Philippines : l’école tribale qui nourrit les esprits et les communautés

Des enseignants et des diplômés d’Alcadev montrent un manuel dans leur classe improvisée à Tandag City (Surigao del Sur) aux Philippines. (Crédit : J. Ellao / Bulatlat.com)
Le manuel d’enseignement présenté sur la photo peut sembler quelconque, mais il ne l’est absolument pas. Il s’agit en effet d’une étude poussée sur l’agriculture biologique et durable, actualisée chaque année depuis plus de 10 ans par les professeurs et étudiants d’Alcadev en fonction de leur mise en pratique dans leurs fermes respectives.
Alcadev est né d’une résolution commune entre deux organisations tribales locales : Kalunass et Mapasu ont créé cette école en 2004 pour apporter à la fois des compétences universitaires, professionnelles et techniques à des étudiants originaires de 32 communautés Lumad de la région de Caraga. À ses débuts, l’école ne comptait que 10 étudiants, mais le nombre d’inscrits a augmenté rapidement de 46 % par an. À ce jour, près de mille personnes ont suivi les cours d’Alcadev sur ses deux campus, dans les villages de Diatagon (Surigao del Sur) et de Padiay (Agusan del Sur), ce dernier n’ayant été créé qu’en 2013.
« Les efforts de l’école pour nous aider à améliorer nos vies ont longtemps été vilipendés.

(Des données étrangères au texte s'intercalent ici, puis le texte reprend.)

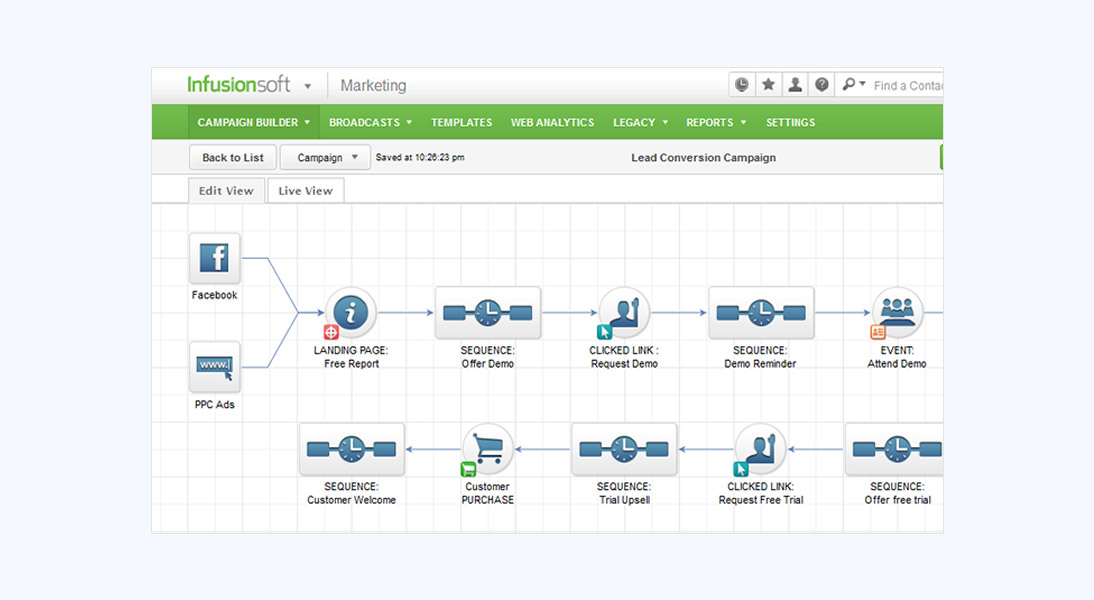 Infusionsoft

Le gouvernement prétendait que nos professeurs nous apprenaient à manier les armes et les fusils », explique Lito Sanchez, 28 ans, un des premiers diplômés. En réalité, outre huit matières habituelles également dispensées dans les écoles publiques, Alcadev a un autre programme principal : le « Projet de sécurité alimentaire », consacré à l’agriculture durable et biologique. Les étudiants mettent en pratique ce qu’ils apprennent sur leurs parcelles respectives et même chez eux, dans les fermes familiales.

Agriculture traditionnelle vs agriculture durable?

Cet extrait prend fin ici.